What you should do
Line by line, output everything from the one that contains "Home Slipper Children" through the end of the material below, exactly as written and with no pictures.

Supplied information
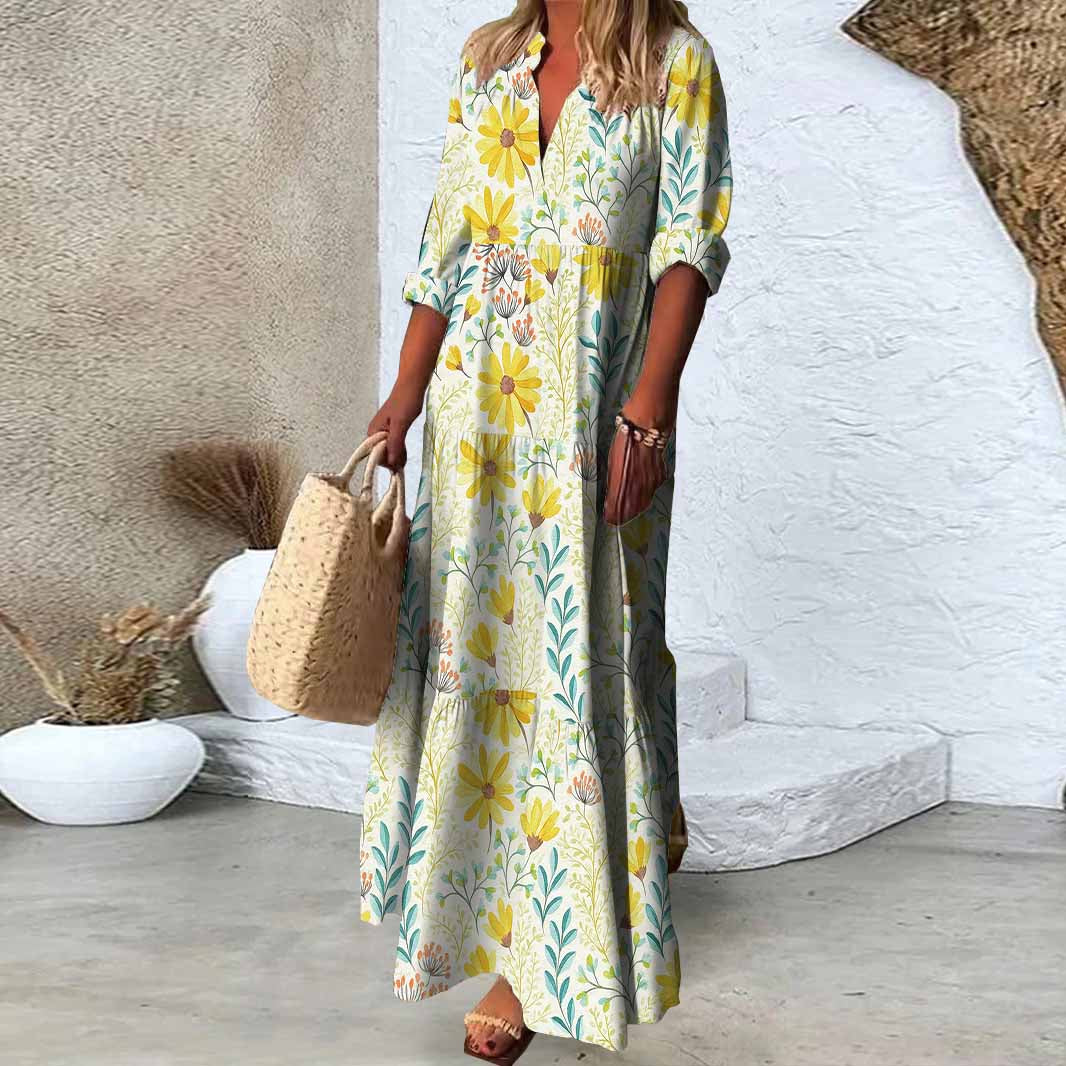 Women Floral,Yellow,Blue DZDN1065 SPU Printed Long Sleeve V-neck Maxi Dress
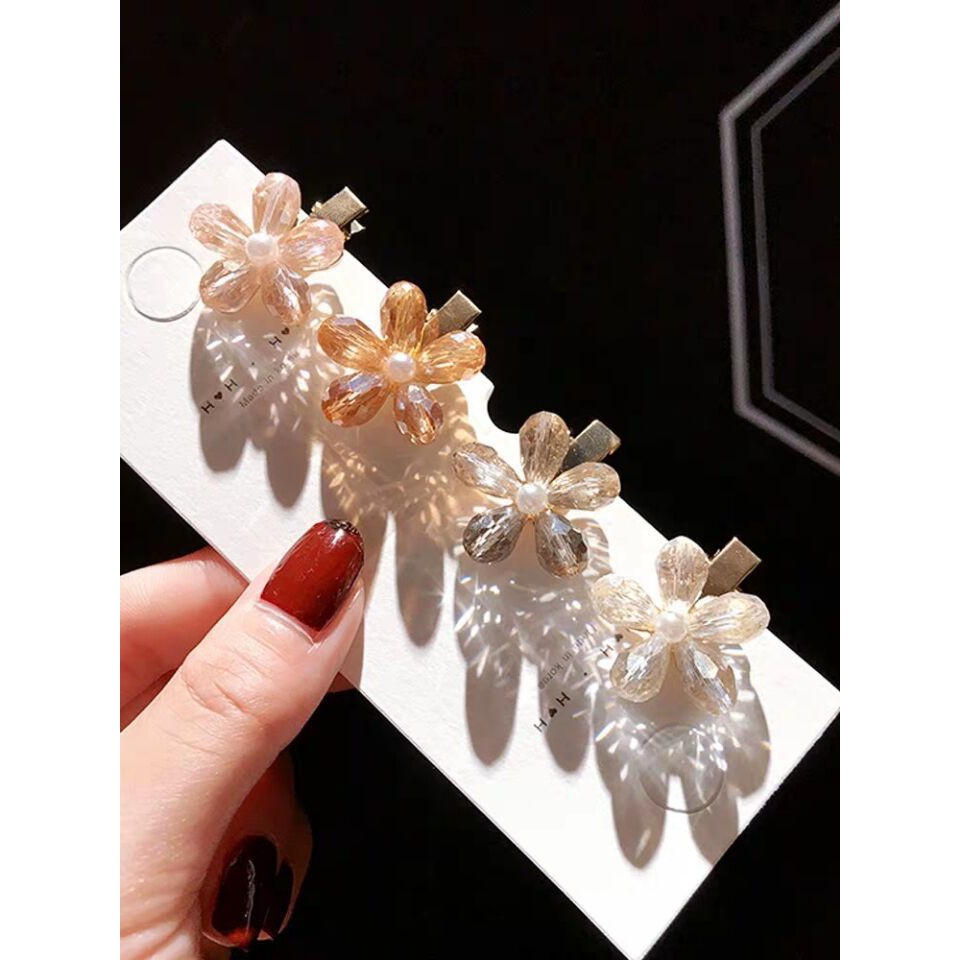 Kẹp tóc Haimeikang hình hoa đính đá thời trang nhỏ xinh dành cho nữ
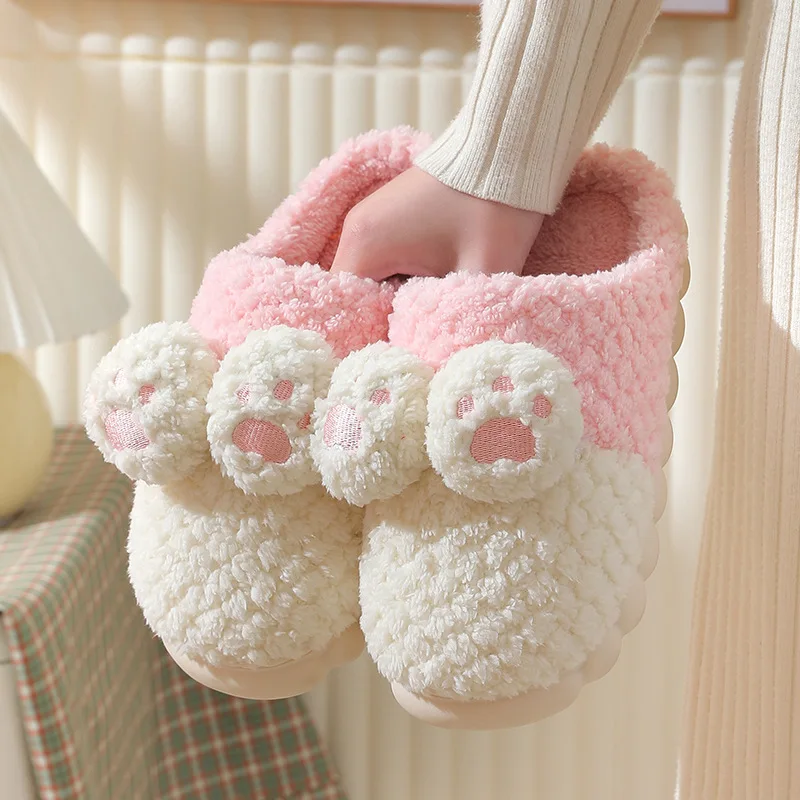 

Home Slipper Children Winter Plush Warm Indoor Cotton Baby Family Shoes Slides Kawaii Cartoon Cat Paw Slippers Parenting Women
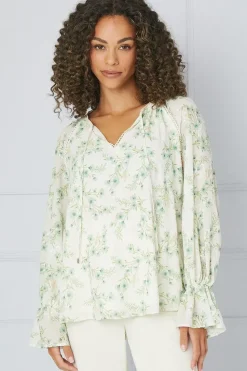 Floral Embroidered Balloon Sleeve Top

Written response
Home Slipper Children Winter Plush Warm Indoor Cotton Baby Family Shoes Slides Kawaii Cartoon Cat Paw Slippers Parenting Women
 Floral Embroidered Balloon Sleeve Top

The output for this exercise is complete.